When Wonder Boy asked for a camp out to celebrate the double digits, I got really excited. "You can invite a couple friends, and I will start pinning all the cute 'camp out' parties on Pinterest." He only caught the first part of that sentence because yuh-know: He doesn't speak "lady." A few minutes into searching the internet for camping party ideas it hit me. Why the extra work? Why the fluff? Why spend time printing labels for snacks when - duh - we all know what a juice box is. It's a camp out for heaven's sake. With BOYS. What I really want for this nature-loving child is a camp out you see on the movies - the simple, this-is-what-boys-live-for and makes us long for the summers of our childhoods kind of camp out. The throw granola bars and candy in a sack, kids running through the yard eating Doritos right out of the bag, flashlights, head-lamps, and Twizzlers kind of camp out. I tossed out all the cute camping themes, decor, and precious "Smores Bar" ideas because our child wanted to ring in the 10 with a night of boys, and turtles, and fire, and hot dog roasting, and taking bites that are way too big, and tomfoolery, and Starburst roasting, and smores making, and watermelon eating, and seed spitting, and crawfish catching, and stick gathering, and fire, and more fire, and glow stick hide-and-seek, and cupcakes served right on a metal baking pan and oh - this thing called fire. Did I mention fire?
bug birthday gifts
One of his friends gave him a nest containing hundreds of praying mantis eggs.

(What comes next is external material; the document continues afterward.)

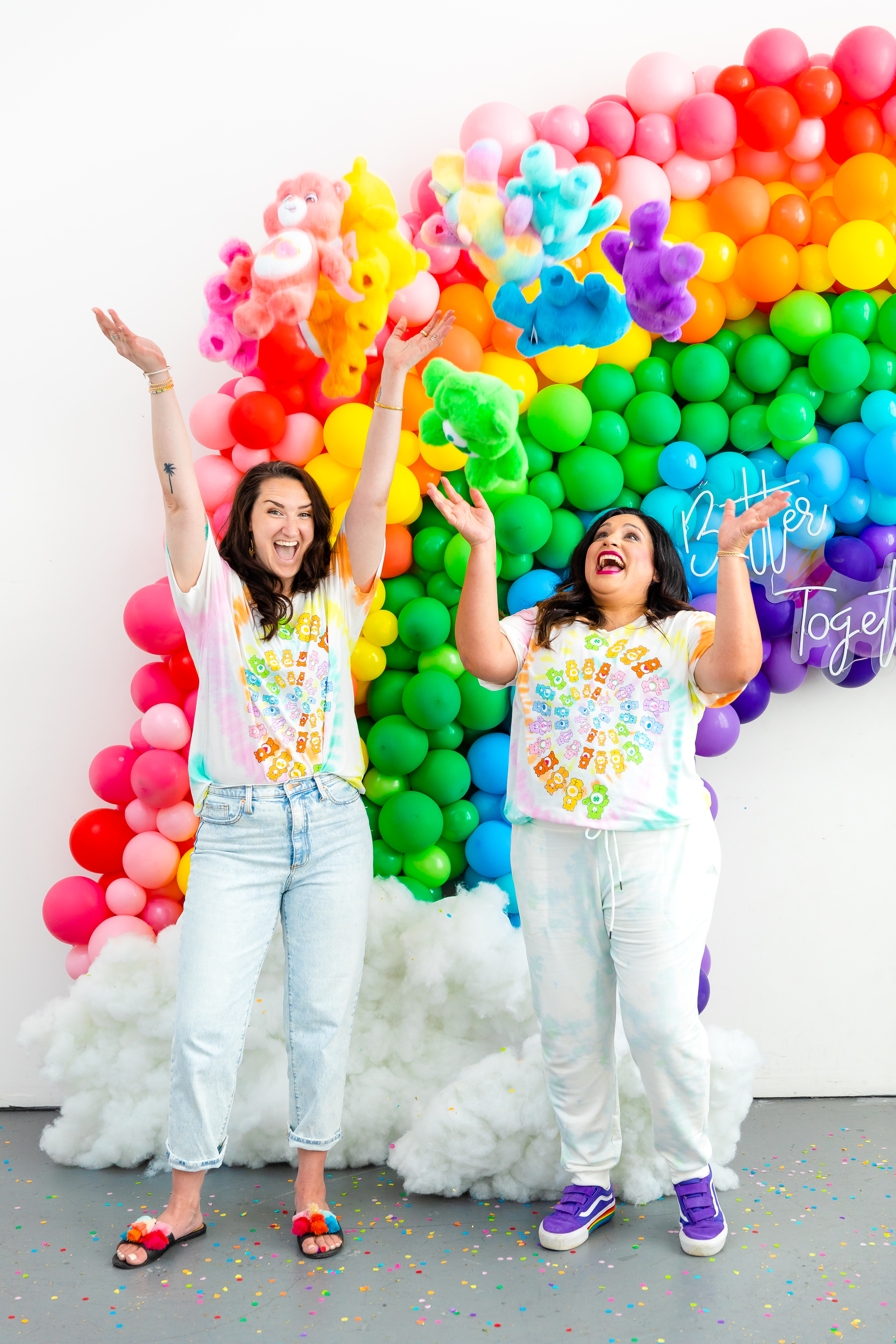 House_of_Fete_Care_Bears-29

We promptly hung up the baby bug nursery outside.
Who cares if it's a grizzly camp out. This child still requested strawberry cupcakes and pink icing. I heart this boy who daily moons "what people think." He has no use for public opinion - or hair brushes.

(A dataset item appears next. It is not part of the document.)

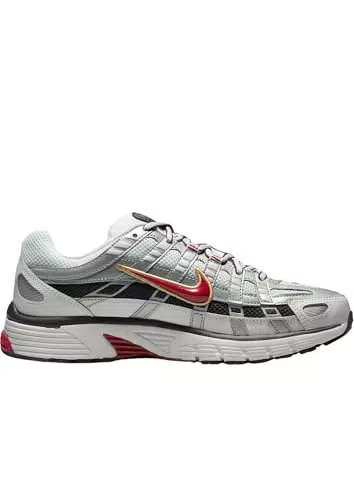 Nike P-6000 Donna Sneaker modello BV1021 – Scarpe sportive donna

I told the boys I'd pay them each a dollar if they made it through the night in the tent.
I lost 5 bucks this morning.
If this picture came with a scratch and sniff feature, you'd gag.

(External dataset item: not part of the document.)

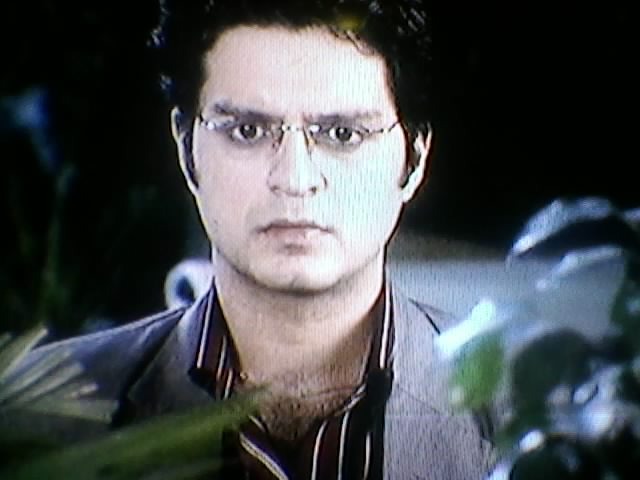 SPM_A0974 - ZzZzZ Capturi Din Ep 229 ZzZzZ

They smelled like fire, crawfish, bug spray, and man sweat.
Before bed I put on my excited, "this is cool" face and said, "Hey...you can totally shower before you go to bed if you want. How awesome would that be? Right? To be all clean in your tent?" My enthusiastic request was met with a lot of "What? No WAY! Showers are for girls!" Boys. They major in disgusting.
Except for this child. He disappeared for a few minutes then ran outside and hugged me.
"I took a shower, mom."
I sniffed him up, told him goodnight, and how much I adored him.
Happy Birthday Hayden
You are wonder.
You are loved.
You are backyard camp out kind of magical.